Saturday, August 06, 2005

Unemployment Jujitsu.

The latest economic figures indicate that the economy is growing, with a better than expected 207,000 new jobs created last month. The figures suggest that the US now has the lowest unemployment rate since the terrorist attacks of September 2001. But figures can be misleading.

The unemployment rate is largely based on a call of 60,000 US households to determine who is or isn’t employed. What isn’t largely known is that the Bureau of Labor Statistics will count someone employed if they are working as little as a single hour a week. Those collecting unemployment insurance are not accurately counted either as only about 35% of the unemployed are eligible for unemployment insurance.

Helen Ginsberg, a economics professor at Brooklyn College, believes the actual unemployment rate may be much higher. Ginsberg suggests that the actual number may total around 18 million Americans who are unemployed, but who would like to work. Another 4.9 million workers are part-time workers who want full time work, but can’t find it. While as many as 5 million Americans are unemployed, but are not counted at all, since the BLS does not count those who have given up looking for work. Ginsberg suggests the actual unemployment rate is closer to 11.6% to 11.9%.

To make matters worse the economy must produce at least 150,000 new jobs a month just to keep up with the number of new workers entering the workforce. That would indicate that the “better than expected” numbers are only 57,000 net new jobs, the majority of which are in retail and food services, jobs with little security, benefits, advancement, and very low pay.

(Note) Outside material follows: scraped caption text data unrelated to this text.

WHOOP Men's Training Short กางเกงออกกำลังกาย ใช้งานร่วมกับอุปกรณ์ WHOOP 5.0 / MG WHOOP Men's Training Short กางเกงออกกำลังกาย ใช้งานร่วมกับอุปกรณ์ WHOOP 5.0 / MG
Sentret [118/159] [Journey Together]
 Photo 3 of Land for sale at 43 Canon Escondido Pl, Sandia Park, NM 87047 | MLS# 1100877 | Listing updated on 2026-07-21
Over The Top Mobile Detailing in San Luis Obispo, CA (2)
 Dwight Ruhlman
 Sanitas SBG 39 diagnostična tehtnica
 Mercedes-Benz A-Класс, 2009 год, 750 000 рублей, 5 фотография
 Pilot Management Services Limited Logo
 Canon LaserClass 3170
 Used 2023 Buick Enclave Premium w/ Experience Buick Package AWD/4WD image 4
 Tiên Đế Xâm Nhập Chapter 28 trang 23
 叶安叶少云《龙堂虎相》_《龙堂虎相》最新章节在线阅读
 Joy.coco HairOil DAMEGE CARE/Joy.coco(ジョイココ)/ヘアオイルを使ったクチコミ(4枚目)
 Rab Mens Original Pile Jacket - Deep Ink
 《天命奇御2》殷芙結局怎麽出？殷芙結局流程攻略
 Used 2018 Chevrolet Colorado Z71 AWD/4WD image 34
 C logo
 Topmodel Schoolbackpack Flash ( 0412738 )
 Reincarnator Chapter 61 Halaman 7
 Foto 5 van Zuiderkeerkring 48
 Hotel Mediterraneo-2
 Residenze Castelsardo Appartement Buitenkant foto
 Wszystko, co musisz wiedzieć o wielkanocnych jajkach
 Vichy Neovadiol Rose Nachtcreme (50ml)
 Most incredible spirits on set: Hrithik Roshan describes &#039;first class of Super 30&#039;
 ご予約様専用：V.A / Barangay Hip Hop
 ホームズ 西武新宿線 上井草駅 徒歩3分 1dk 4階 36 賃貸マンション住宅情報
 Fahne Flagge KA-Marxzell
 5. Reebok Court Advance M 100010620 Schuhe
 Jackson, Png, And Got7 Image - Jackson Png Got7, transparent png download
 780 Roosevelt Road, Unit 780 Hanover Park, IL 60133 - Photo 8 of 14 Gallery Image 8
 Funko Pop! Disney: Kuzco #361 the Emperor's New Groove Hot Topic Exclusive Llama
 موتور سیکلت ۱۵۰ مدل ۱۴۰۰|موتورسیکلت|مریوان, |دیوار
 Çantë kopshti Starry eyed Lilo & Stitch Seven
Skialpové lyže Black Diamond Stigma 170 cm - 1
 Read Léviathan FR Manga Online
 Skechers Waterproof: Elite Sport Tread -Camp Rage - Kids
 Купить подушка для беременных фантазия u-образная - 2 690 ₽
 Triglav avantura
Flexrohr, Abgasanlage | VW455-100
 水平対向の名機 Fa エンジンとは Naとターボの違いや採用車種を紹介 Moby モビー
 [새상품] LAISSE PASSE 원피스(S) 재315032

Meanwhile wages have virtually stopped or declined. Heather Boushey of the Center for Economic and Policy Research said, “the nominal wage growth has virtually stopped; the average hourly wage is up by only $.01 since August 2003.” The rise in cost of living has put a further strain on American workers. Meanwhile, the cost of health and other benefits has continued to increase since 2000.

This in a time where worker productivity has increased, indicating that Americans are working longer and harder for less.

But not everyone is hurting. Corporate CEOs have seen record tax breaks in the last 4 years, and in the last year their average yearly incomes has increased 54%.


Blogger MiamiMiami said...

One thing that the government also fails to count is the number of entreprenuers that have launched themselves. That is a number that is not registered and probably boosts the numbers of employment by double what is reported. Entreprenuership has dramatically increased because of the tax breaks that were put into place by Bush. That number of 207000 jobs are payroll jobs meaning that those were jobs created and placed on payrolls of corporations, they do not include the many entrepreneurs that have emerged.

8:39 PM  
Blogger MiamiMiami said...

Here is a good article. It is a little lengthy and about two months old but the information is still accurate.

June 03, 2005, 12:53 p.m.
Job Stats for Dummies
A guide for the mainstream media.

By Jerry Bowyer

It’s understandable if you’re a member of the general public and you’re perplexed about the dozen or so stats that appear in the monthly employment statements. But it’s not if you write business headlines for the New York Times.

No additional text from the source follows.